The math is all there, I've written about it at length in previous comments. You basically take an old processor like MIPS that was about as optimized for single-threaded performance as one can get, without getting mired in the evolutionary dead end of long pipelines and huge caches. That or the PowerPC 601 or DEC Alpha had on the order of 1-3 million transistors. Looks like the Apple M1 has 16 billion. So the raw numbers do suggest 10,000 of last-century's best cores. Then spend another 10 billion transistors for about 1-10 GB of RAM, or 1 MB of ram in-core.

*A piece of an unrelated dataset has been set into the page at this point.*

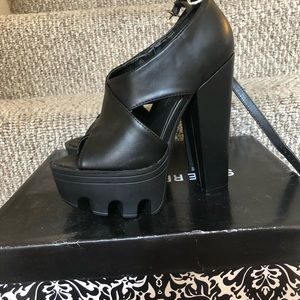 Lug Heel Platform Shoes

https://en.wikipedia.org/wiki/Transistor_count

Yes, memory routing is a pain, but you just use content-addressable memory and treat the interconnect just like any other network on the internet. The cores use caching, compression and copy-on-write to combine the best aspects of Erlang, Lisp, and Clojure. We'd write code in a Javascript-like language that's identical to the ideas from Immer and Immutable.js, but natively. Since everything is read-only, it statically compiles ahead to the best of its ability, running through a monad only when processing mutable state, and then going back to static. When you're not compute-bound, the static stuff processes instantly. It basically inverts the logic, so the only slow part of your code is the IO. My terminology isn't exact here, but it would basically transpile a subset of Javascript to Lisp and then run the embarrassingly parallel stuff 10,000 times faster than we're used to, rivaling the speed of video cards.

To do this as a hobby project, it might be fun to see how many early ARM cores and small RAMs could fit on a chip with a billion transistors. Then see how hard it is to add the content-addressable networking to the OS. Then finally get 1000 Docker containers running with, say, Debian. I used to daydream about doing it on an FPGA, but haven't kept up as closely as I'd like. Also I feel like there is industry pressure to keep FPGAs down, because they haven't kept up with Moore's law either, and never went fully open source like they should have.

I feel kind of weary about all this because I've been thinking about it for so long, and have a lot of regrets about not using my degree more. I'm still just writing CRUD apps like everyone else. It's so tedious, and takes so much code to do so little visible work, that I've lost seasons.